'''
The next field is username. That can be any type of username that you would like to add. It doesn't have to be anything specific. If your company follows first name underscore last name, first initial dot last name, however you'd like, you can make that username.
'''
'''
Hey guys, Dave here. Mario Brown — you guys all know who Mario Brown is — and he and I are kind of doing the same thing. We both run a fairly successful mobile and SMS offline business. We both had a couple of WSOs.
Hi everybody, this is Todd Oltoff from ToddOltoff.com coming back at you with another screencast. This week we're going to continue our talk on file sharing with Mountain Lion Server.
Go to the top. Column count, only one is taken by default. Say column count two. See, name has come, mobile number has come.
'''
### [Task item]
Where the string "name" occurs in a line of the material above, copy the whole line.

### [Solution to the exercise]
The next field is username. That can be any type of username that you would like to add. It doesn't have to be anything specific. If your company follows first name underscore last name, first initial dot last name, however you'd like, you can make that username.
Go to the top. Column count, only one is taken by default. Say column count two. See, name has come, mobile number has come.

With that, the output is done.